Funding Policies and Procedures
This page incorporates policies and procedures established by the university trustees, campus administration, and those set forth in the negotiated collective bargaining agreement between the university and the Graduate Employee Organization (GEO). These supersede previous procedures and guidelines as well as previous policies on these matters. All assistantships require the approval of the Graduate Program Director of the student’s home department. Specific questions should be addressed to the Assistantship Office, 517 Goodell Building.
Types of Graduate Assistantships
A teaching assistant (TA) has one or more of the following responsibilities in courses for which the teaching assistant does not have primary responsibility:
- Coordinate, lead, or assist in the instructional process, in preparation and direct interaction, with students in lab, discussion, quiz, or problem sessions
- Meet with students and teach during office hours
- Grade papers
- Grade and proctor exams
- Supervise undergraduate interns
- Counsel students
- Administer colloquium programs
A TA may have additional related duties as assigned.
In addition to positions in academic departments and in the Division of Continuing Education, teaching assistants (and teaching associates) may be hired for instructional programming approved for and funded by non-academic departments. An example is the three-credit Peer Sex Education course, designed and offered by University Health Services and credited to the Public Health Department. Under no circumstance may a teaching assistant’s responsibilities include duties that are unrelated to instructional effort, e.g., clerical, administrative, or even research-type activities. A non-academic department must first have met institutional review requirements for an instructional program before it can appoint teaching assistants.
A teaching associate (TO) is responsible for the teaching and grading of a course.
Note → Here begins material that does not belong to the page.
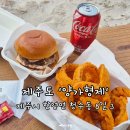 어니언 | 제주도 서쪽 맛집 양가형제 본점 수제버거 맛집 어니언링 후기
Teaching associate positions, like the TA positions, can be paid from any funding source.
A research assistant (RA) assists in conducting research of a scholarly nature, normally under faculty supervision. The work of a research assistant can include, but is not limited to, the gathering and analyses of data, the development of theoretical analyses and models, and the production or publication of scholarly journals and research reports that are primarily for their own research, and are secondarily for the benefit of the university, faculty, academic staff supervisor, or granting agency.
A project assistant (PA) is similar to a research assistant, but a PA is a graduate student who performs work primarily for the benefit of the university, faculty, or academic staff supervisor, and secondarily for the graduate student’s own research. Similar to an RA, a PA must do work related to academic research.
An internship is an on-campus assistantship that is awarded to a student who is gaining practical experience that directly augments their classroom studies. In some departments, internships are required for graduation. Internships must be specifically designed to support and enrich a student’s academic experience. Interns cannot fill regular staff positions or substitute for consulting services.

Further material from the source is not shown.